TASK REQUIREMENTS:
Although the data below contains pictures, output only the lines between those holding "Sekt wird in" and "Russ Relaxes Topside", inclusive, exactly and without those pictures.

══ SUPPLIED RECORDS ══

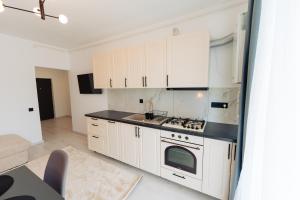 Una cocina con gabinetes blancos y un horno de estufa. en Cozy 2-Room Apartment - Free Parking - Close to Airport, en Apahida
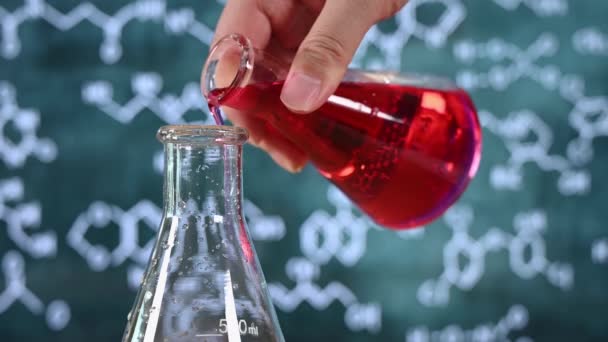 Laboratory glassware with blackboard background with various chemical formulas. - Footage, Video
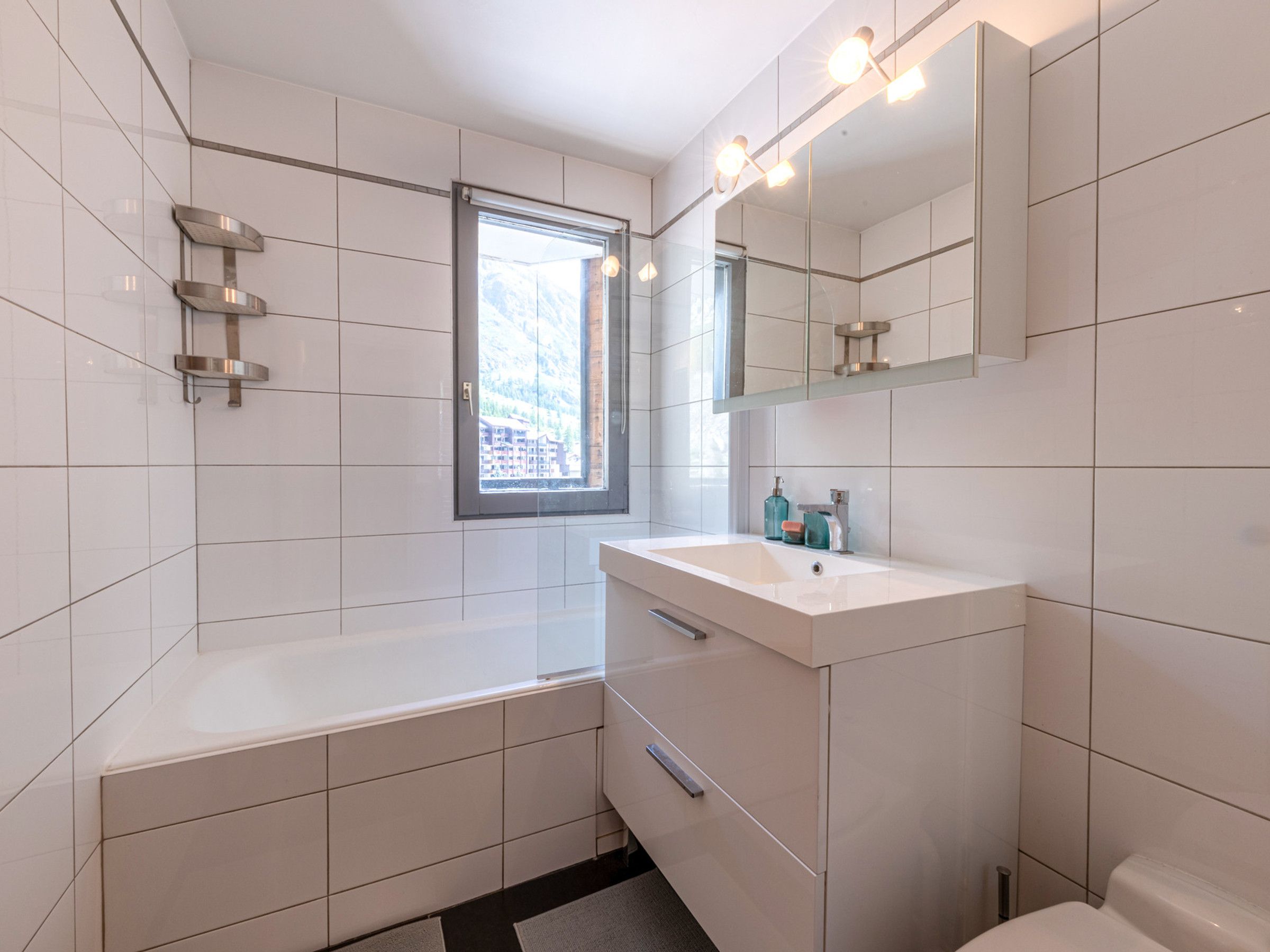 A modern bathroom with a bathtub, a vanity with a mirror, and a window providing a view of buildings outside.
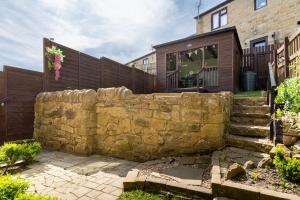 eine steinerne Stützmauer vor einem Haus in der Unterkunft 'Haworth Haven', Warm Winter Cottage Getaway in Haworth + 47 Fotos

═══
══ SUPPLIED RECORDS ══

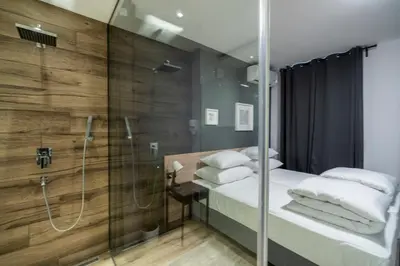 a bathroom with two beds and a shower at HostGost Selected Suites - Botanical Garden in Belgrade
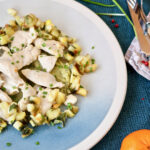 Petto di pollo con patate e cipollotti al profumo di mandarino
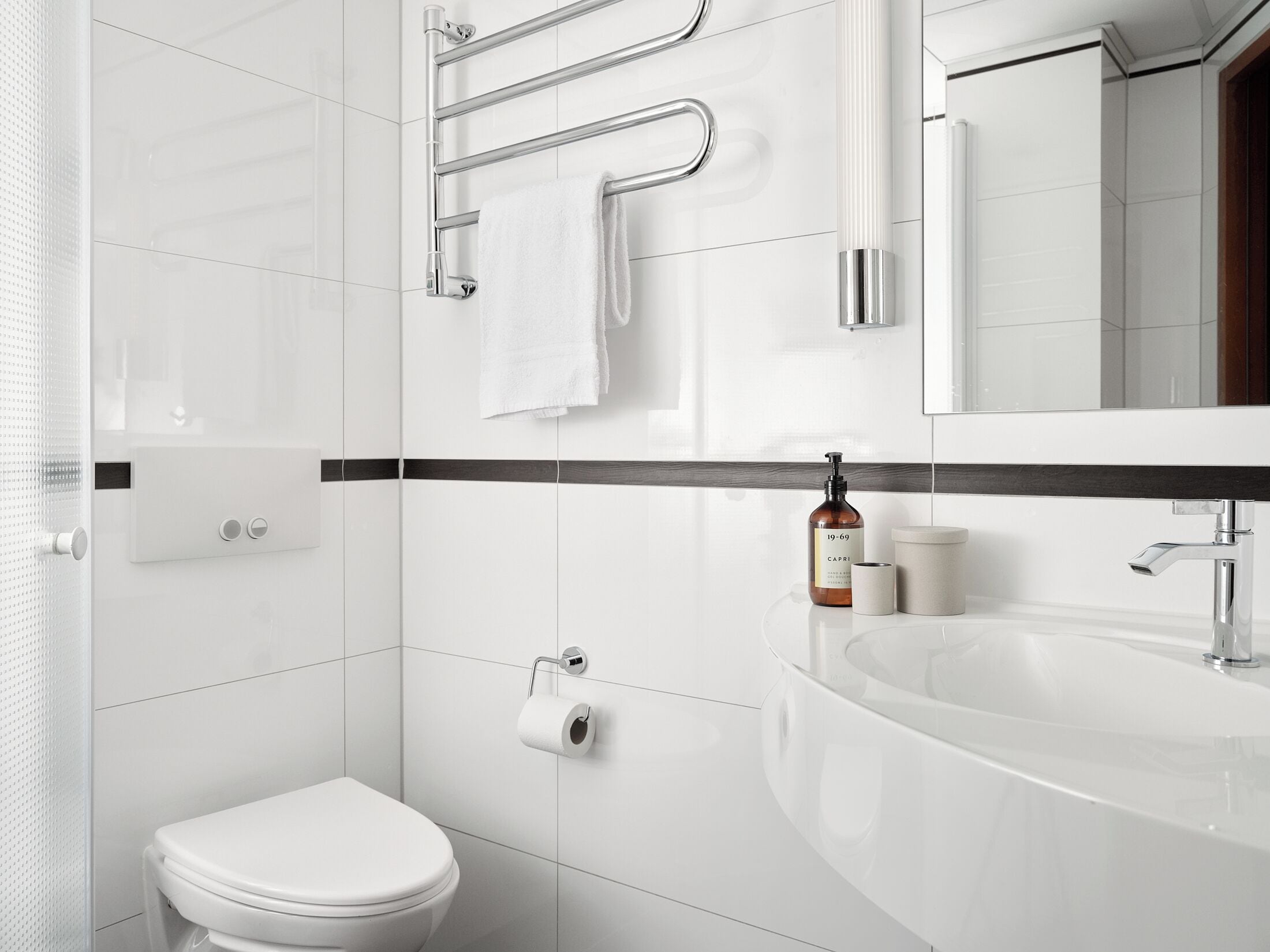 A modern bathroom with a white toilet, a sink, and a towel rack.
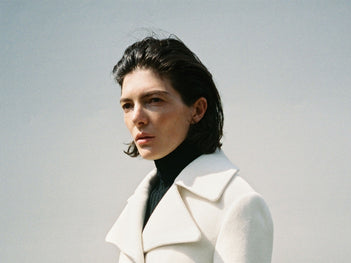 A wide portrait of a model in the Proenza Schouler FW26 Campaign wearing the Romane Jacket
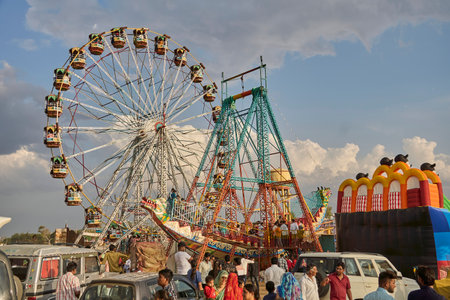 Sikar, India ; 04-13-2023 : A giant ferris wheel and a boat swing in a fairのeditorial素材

═══
══ SUPPLIED RECORDS ══

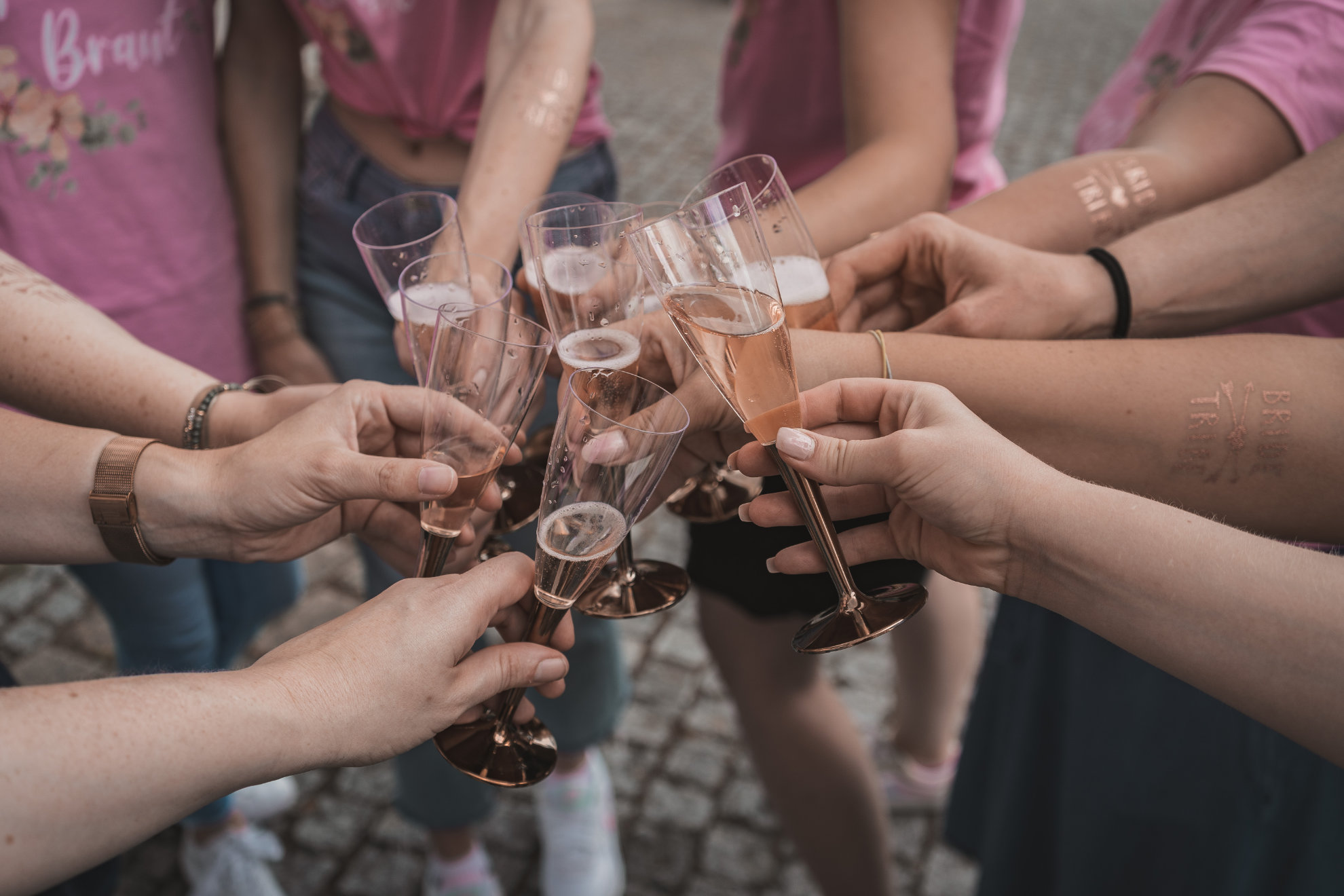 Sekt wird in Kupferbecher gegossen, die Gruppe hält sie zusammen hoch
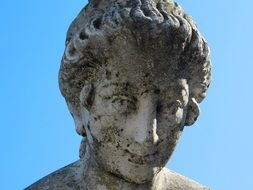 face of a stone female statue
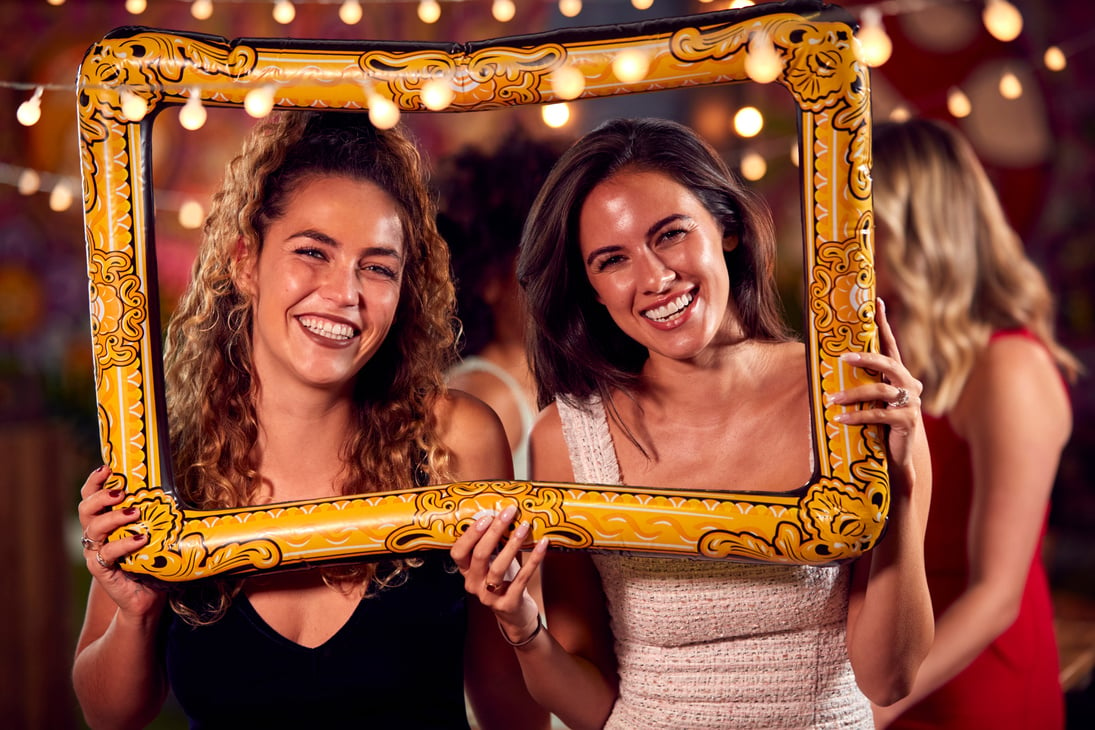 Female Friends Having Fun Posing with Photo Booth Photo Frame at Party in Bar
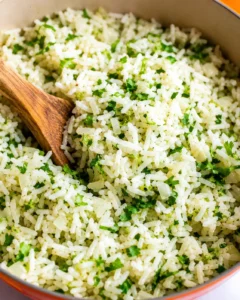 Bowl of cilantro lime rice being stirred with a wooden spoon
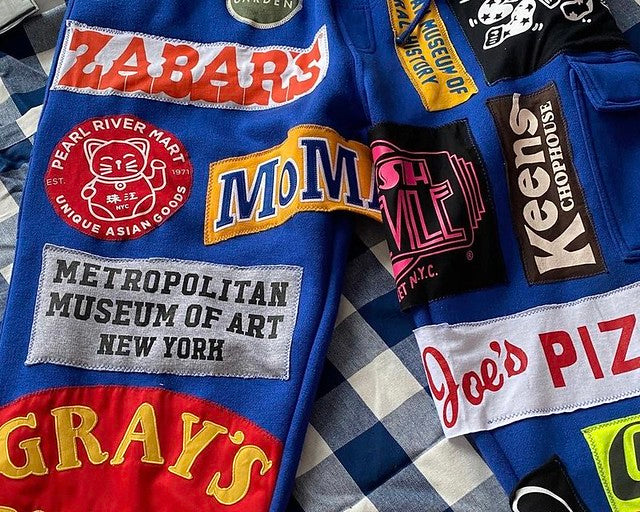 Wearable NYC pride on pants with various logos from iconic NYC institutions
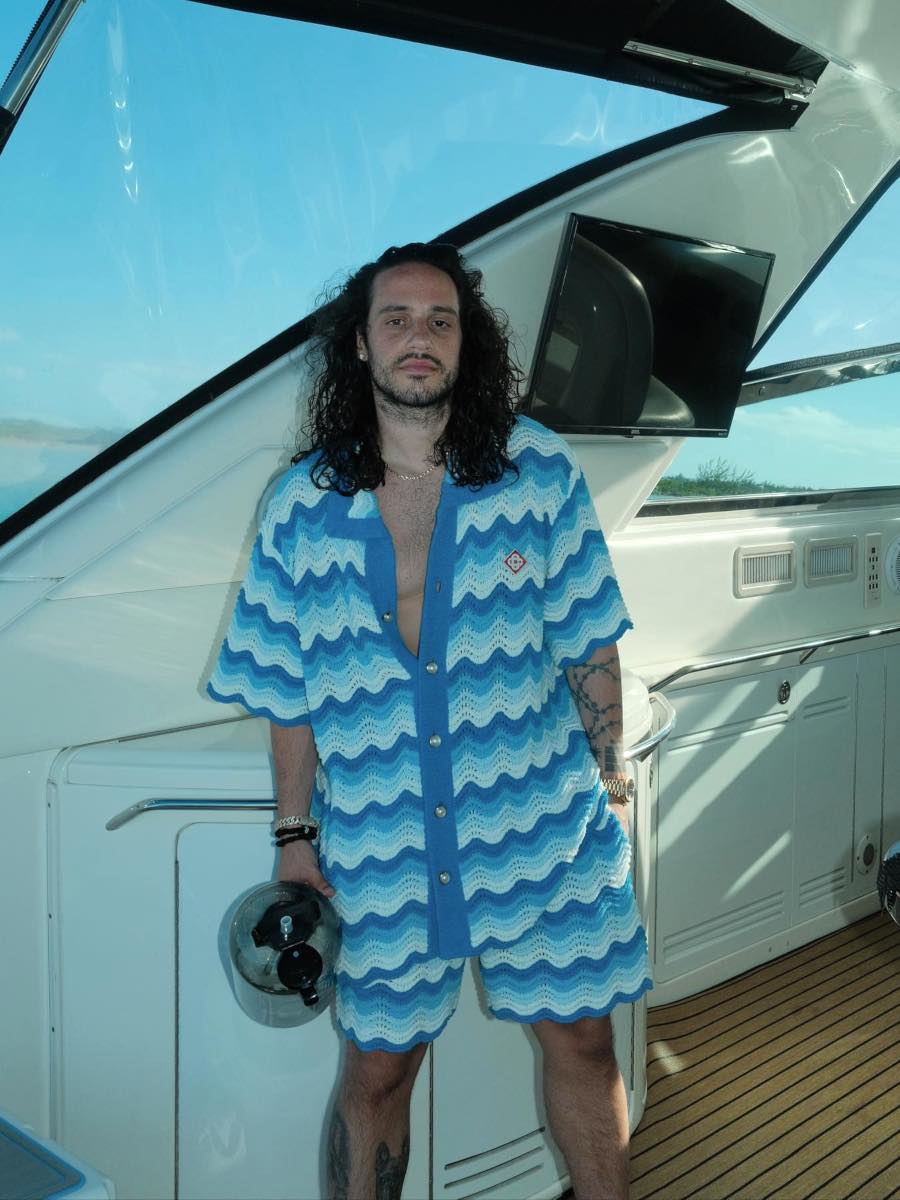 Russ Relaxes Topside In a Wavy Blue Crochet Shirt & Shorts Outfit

═══

FINISHED EXERCISE:
 Sekt wird in Kupferbecher gegossen, die Gruppe hält sie zusammen hoch
 face of a stone female statue
 Female Friends Having Fun Posing with Photo Booth Photo Frame at Party in Bar
 Bowl of cilantro lime rice being stirred with a wooden spoon
 Wearable NYC pride on pants with various logos from iconic NYC institutions
 Russ Relaxes Topside In a Wavy Blue Crochet Shirt & Shorts Outfit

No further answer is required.